RG: TenableOne integrates comprehensive discovery of all cloud and hybrid assets, including specific AI services and models. Tenable ExposureAI™, the machine learning engine, analyzes data to uncover “toxic risk combinations” and hidden attack paths. It helps organizations to not just find vulnerabilities but truly understand how these vulnerabilities impact the business. For example, TenableOne can help understand how a misconfiguration in an AI cloud service combined with an open-source vulnerability creates a critical risk to highly sensitive data. Organizations can prioritize remediation with actionable insights from Tenable’s Vulnerability Priority Rating (VPR) so teams can focus on the most impactful risks. This is important because many AI workloads have unremediated vulnerabilities.

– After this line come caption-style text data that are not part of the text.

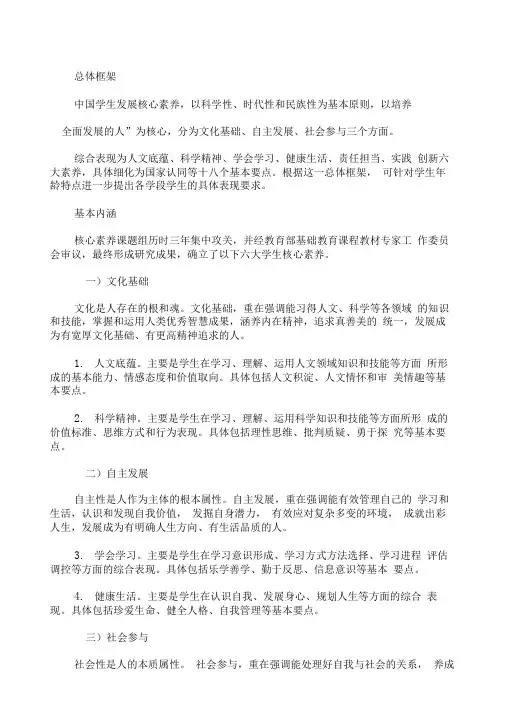 六大核心素养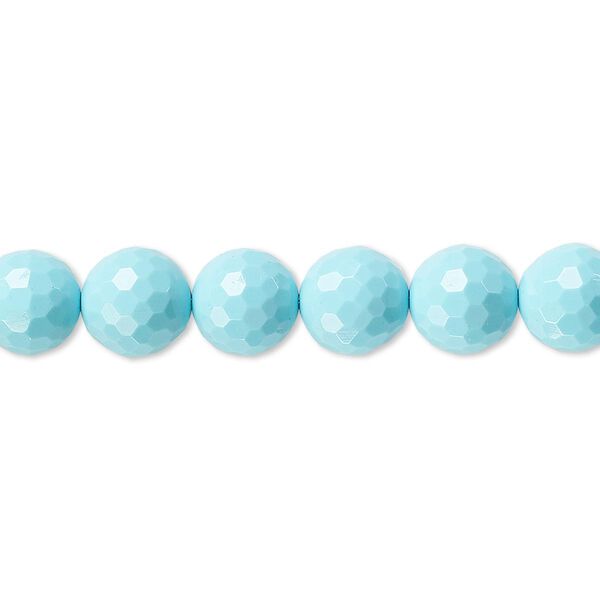 Bead, "turquoise" (resin) (imitation), blue, 8mm faceted round. Sold per 8-inch strand, approximately 25 beads. image number 0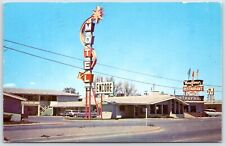 Postcard NM Farmington New Mexico Encore Motel Mayflower Restaurant Neon P8D picture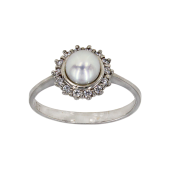 Δαχτυλίδι λευκόχρυσο 14Κ με μαργαριτάρι & ζιργκόν - MRD405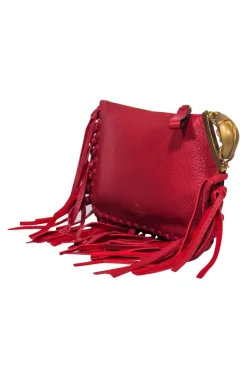Valentino - Red Textured Leather Fringed Zippered Clutch w/ Beetle Handle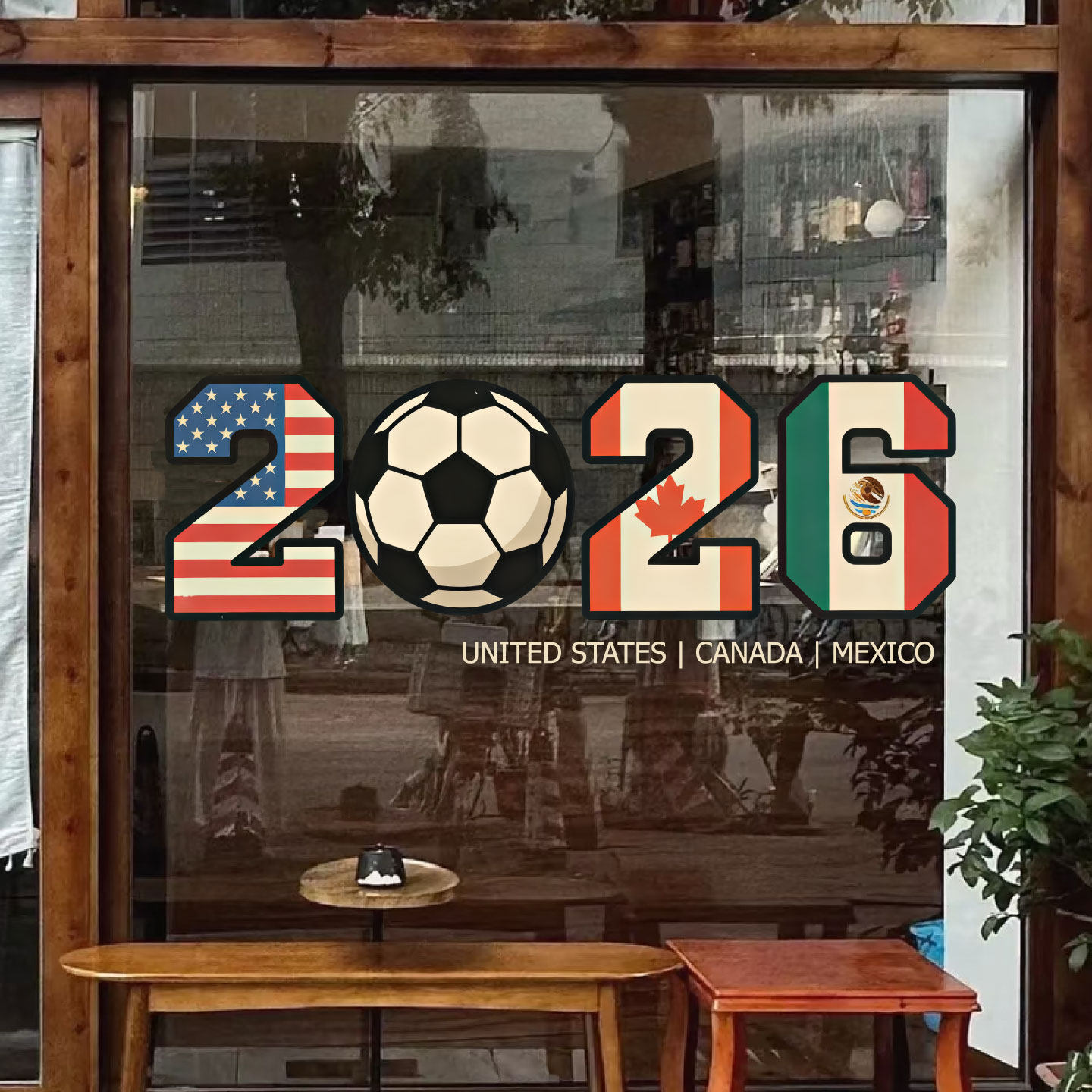 2026世界杯足球比赛海报主题静电贴纸体彩店酒吧烧烤店装饰氛围感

Tenable One now features a vast ecosystem of out-of-the-box Connectors, enabling integration with widely used third-party tools for endpoint detection and response (EDR), cloud security, vulnerability management, operational technology security, ticketing systems and more. Additionally, the unified risk dashboards eliminate time-consuming manual reporting, offering fully customizable views that align with specific business priorities. This is great in effectively communicating risk.
Partnering With CISOs
Q7. How can customer experience (CX) leaders partner with CISOs to ensure a secure yet seamless digital experience for their end-users?
RG: To ensure secure and seamless digital experiences, organizations should integrate CISOs early in product design for “security by design,” align CX and CISO teams on priorities and risk levels, and agree on metrics like secure login success to measure and enhance both security and customer experience.
Closing
In today’s cloud-first world, ensuring customer trust hinges as much on security as it does on innovation. As Rajnish Gupta aptly outlines, the growing complexity of cloud environments, layered SaaS tools, and AI workloads demand an equally sophisticated security approach—one that prevents misconfigurations before they cascade into breaches. For CX and digital leaders, security isn’t just an IT concern—it’s a cornerstone of customer experience.
With solutions that offer unified visibility, actionable insights, and end-to-end protection, Tenable is helping modern businesses rethink their exposure management strategies. The call to action is clear: to protect business value and customer trust, organisations must treat cloud security as a strategic, not reactive, function.